Supplied information.

┄┄┄┄┄┄┄┄┄┄

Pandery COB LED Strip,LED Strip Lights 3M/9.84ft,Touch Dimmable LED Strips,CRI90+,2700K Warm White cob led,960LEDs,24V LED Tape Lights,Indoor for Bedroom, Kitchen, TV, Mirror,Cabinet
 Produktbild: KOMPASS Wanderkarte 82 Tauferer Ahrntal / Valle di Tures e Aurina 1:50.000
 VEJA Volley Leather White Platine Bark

┄┄┄┄┄┄┄┄┄┄

What to do. The exact lines from the one containing "Produktbild: KOMPASS Wanderkarte" through the end of the listing above are the expected output; include nothing else.

Result of the task.
 Produktbild: KOMPASS Wanderkarte 82 Tauferer Ahrntal / Valle di Tures e Aurina 1:50.000
 VEJA Volley Leather White Platine Bark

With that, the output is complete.